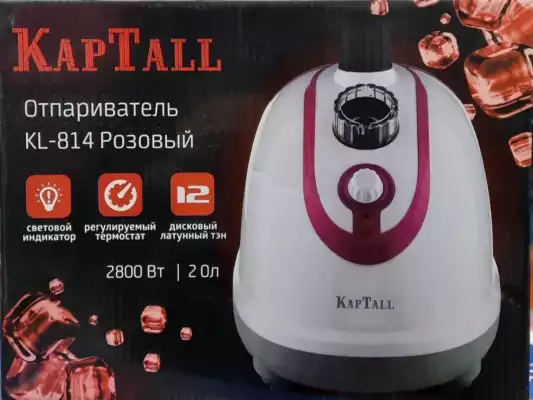 Отпариватель KAPTALL KL-814,розовый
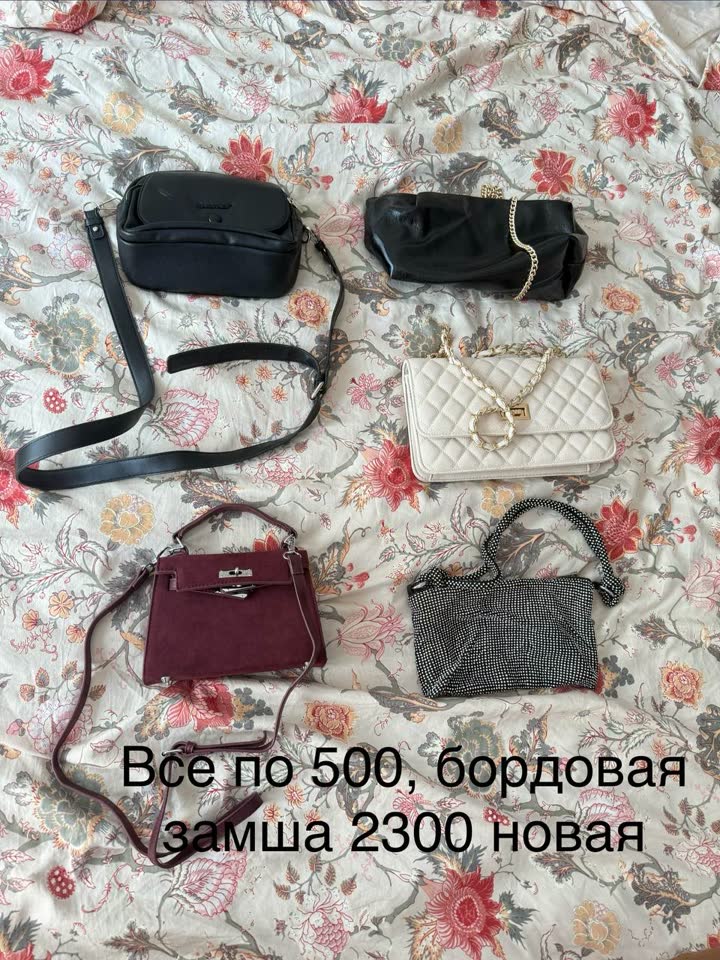Сумки (в отличном состоянии) по 500 динар
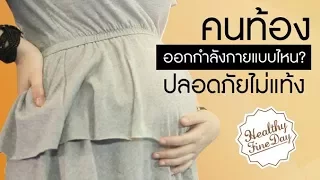 ทำไมคนท้องถึงควรออกกำลังกาย แม้จะมีอาการปวดหลังและขาบวม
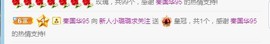 璐璐已换号播哈主播照片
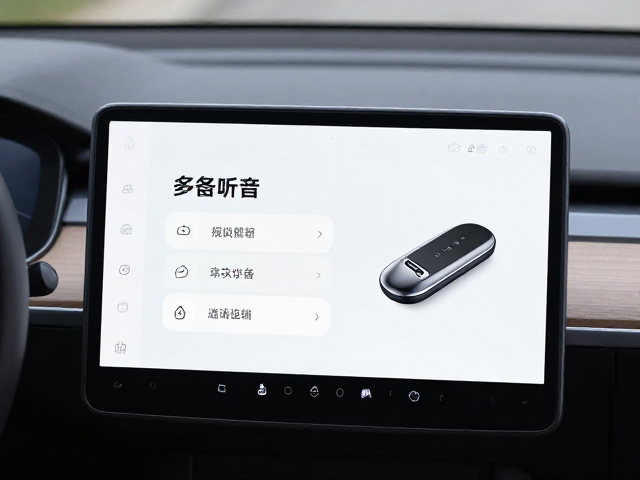 车载开放式听音怎么选？多设备连接，高清无损解码指南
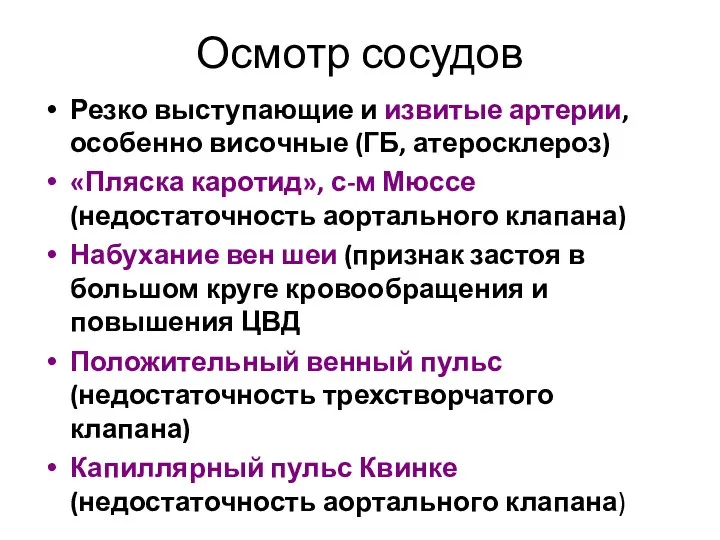 Осмотр сосудов Резко выступающие и извитые артерии, особенно височные (ГБ, атеросклероз)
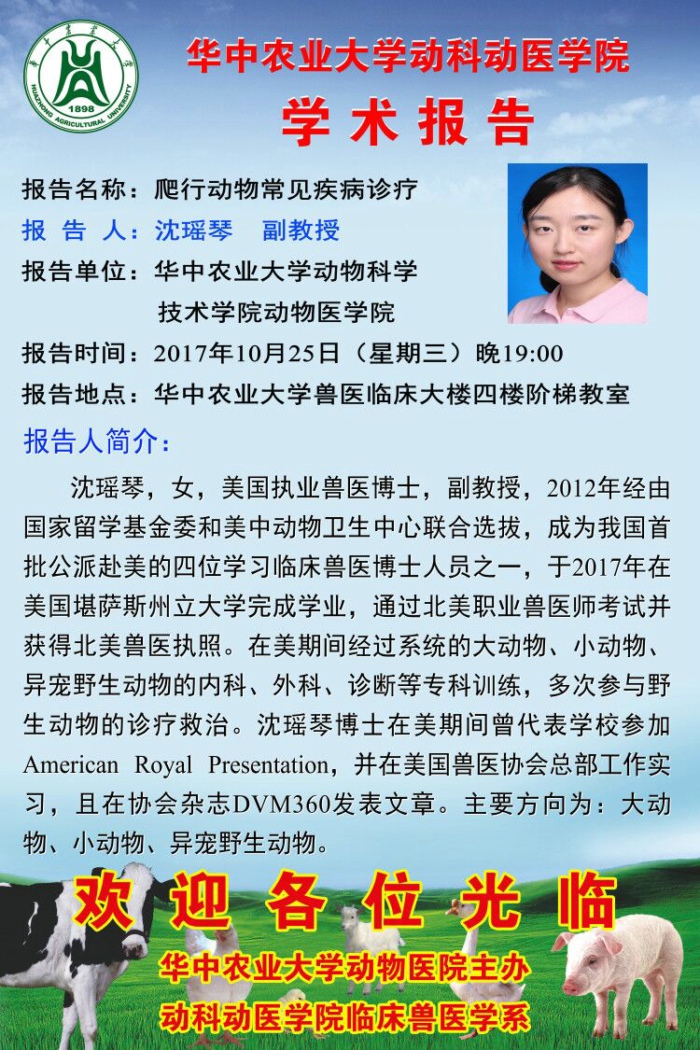 性爱网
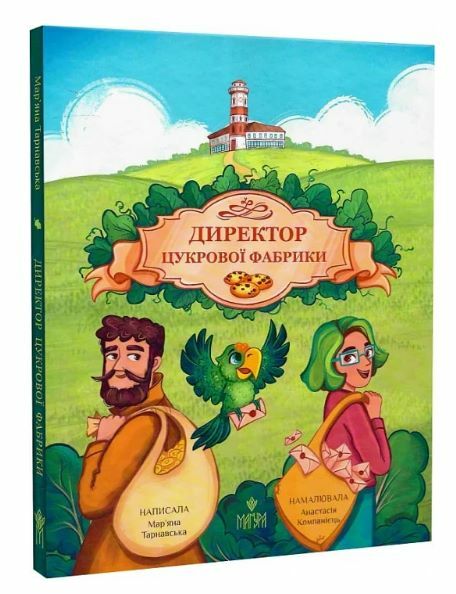 Директор цукрової фабрики Ціна (цена) 220.60грн. | придбати  купити (купить) Директор цукрової фабрики доставка по Украине, купить книгу, детские игрушки, компакт диски 0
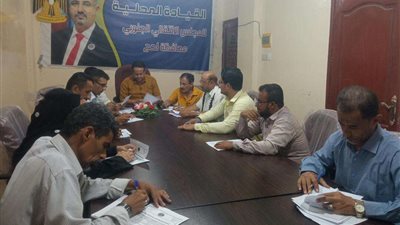 تنفيذية انتقالي لحج تناقش إجراءات هيكلة هيئاتها بالمديريات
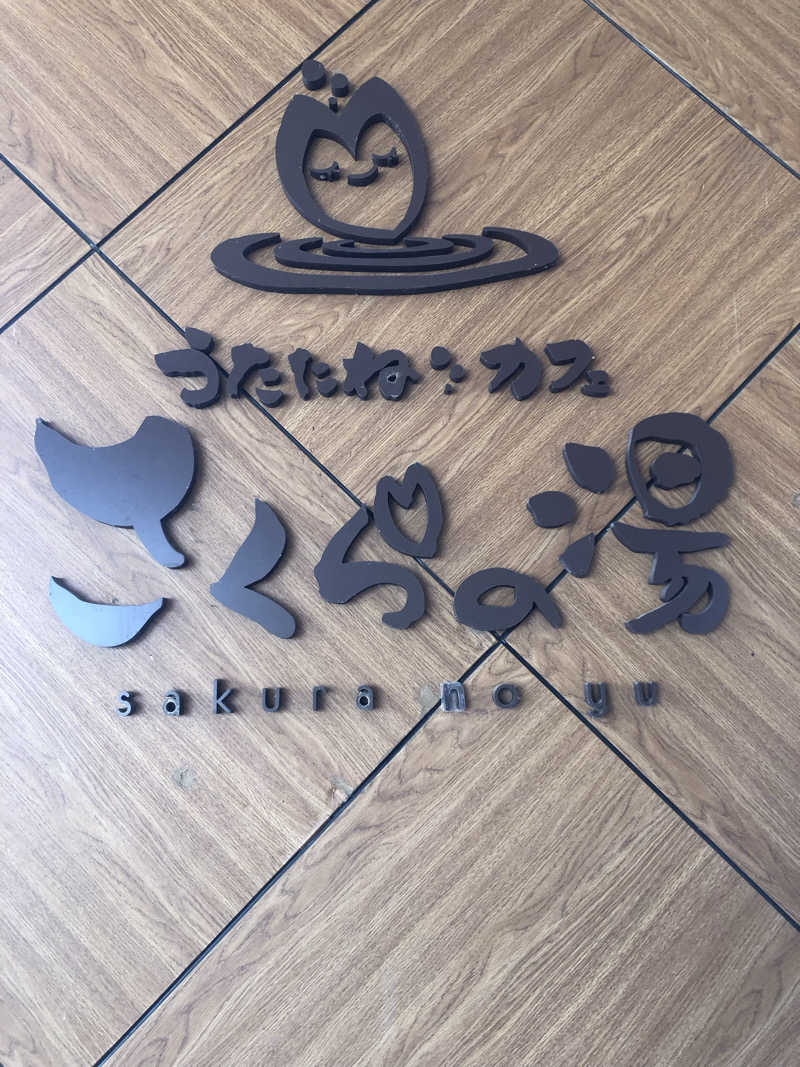 ぽてとコロッケさんのうたたねカフェ さくらの湯のサ活写真
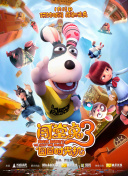 ǰ2030籭╗\23qo24q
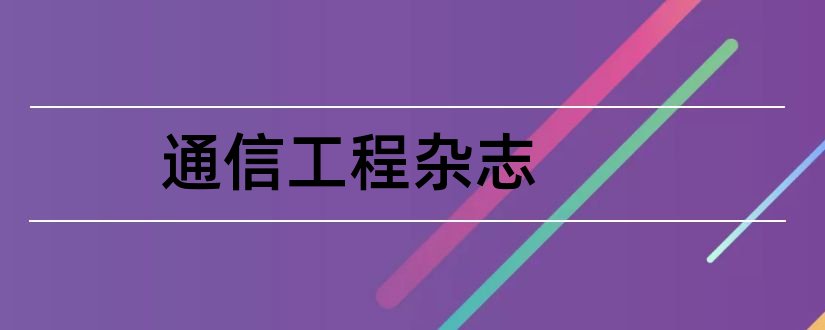 通信工程杂志和论文范文新通信杂志社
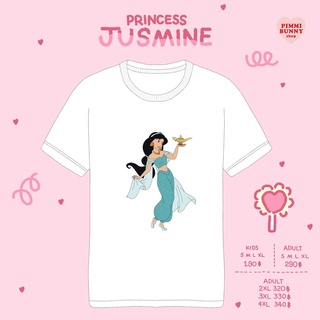 เสื้อยืดลาย Princess Jusmine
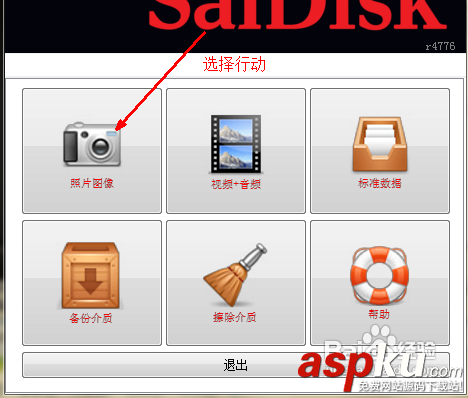 閃迪u盤修復工具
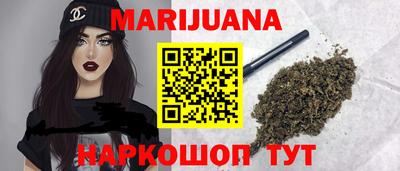 героин Апрелевка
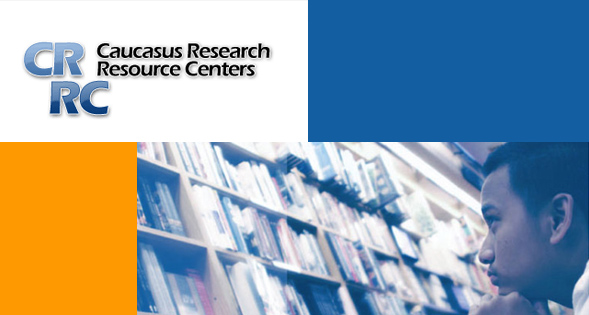Caucasus Research Resource Centers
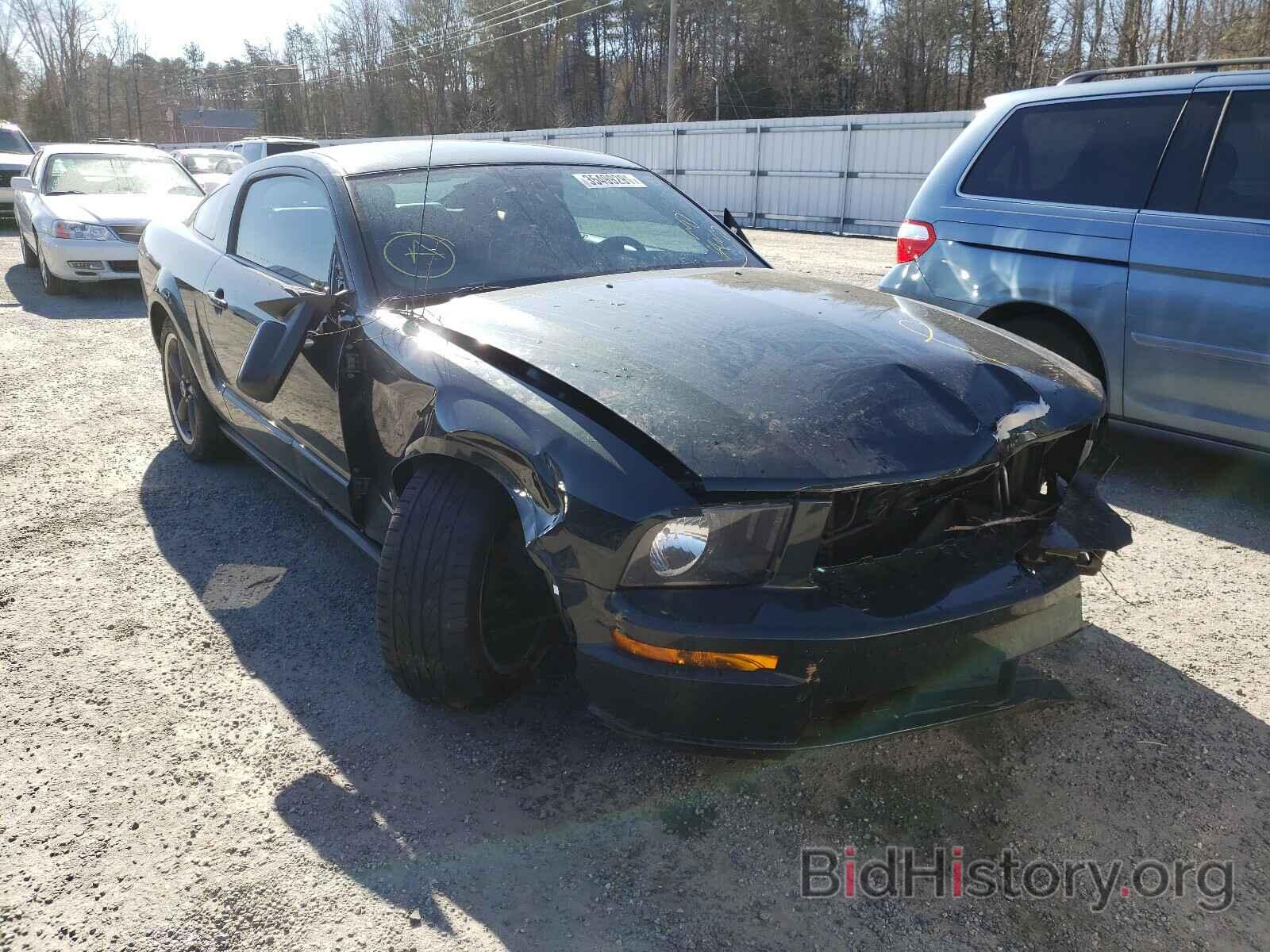 Photo 1ZVHT82H895120251 - FORD MUSTANG 2009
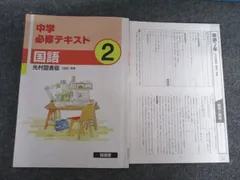塾専用 中2 中学必修テキスト 国語 光村図書準拠 [指導書] 状態良い 012m5C
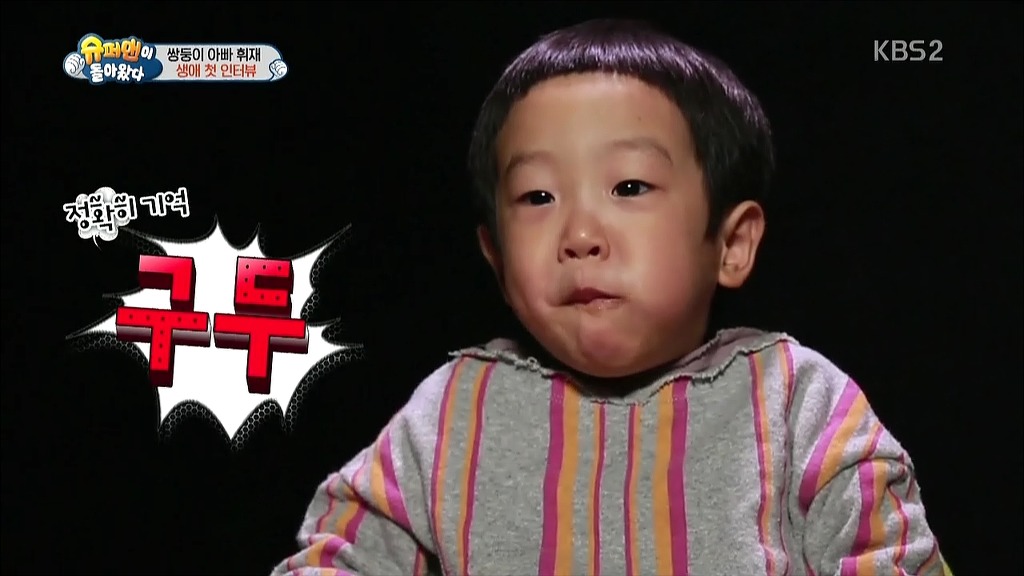 [슈돌] 단독 인터뷰하는 이서준.jpg | 인스티즈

********************

▶ ACTIVITY: What is needed is a word-for-word copy of the data above, free of any images.

▶ ANSWER SECTION:
 Отпариватель KAPTALL KL-814,розовый
Сумки (в отличном состоянии) по 500 динар
 ทำไมคนท้องถึงควรออกกำลังกาย แม้จะมีอาการปวดหลังและขาบวม
 璐璐已换号播哈主播照片
 车载开放式听音怎么选？多设备连接，高清无损解码指南
 Осмотр сосудов Резко выступающие и извитые артерии, особенно височные (ГБ, атеросклероз)
 性爱网
 Директор цукрової фабрики Ціна (цена) 220.60грн. | придбати  купити (купить) Директор цукрової фабрики доставка по Украине, купить книгу, детские игрушки, компакт диски 0
 تنفيذية انتقالي لحج تناقش إجراءات هيكلة هيئاتها بالمديريات
 ぽてとコロッケさんのうたたねカフェ さくらの湯のサ活写真
 ǰ2030籭╗\23qo24q
 通信工程杂志和论文范文新通信杂志社
 เสื้อยืดลาย Princess Jusmine
 閃迪u盤修復工具
 героин Апрелевка
Caucasus Research Resource Centers
 Photo 1ZVHT82H895120251 - FORD MUSTANG 2009
塾専用 中2 中学必修テキスト 国語 光村図書準拠 [指導書] 状態良い 012m5C
 [슈돌] 단독 인터뷰하는 이서준.jpg | 인스티즈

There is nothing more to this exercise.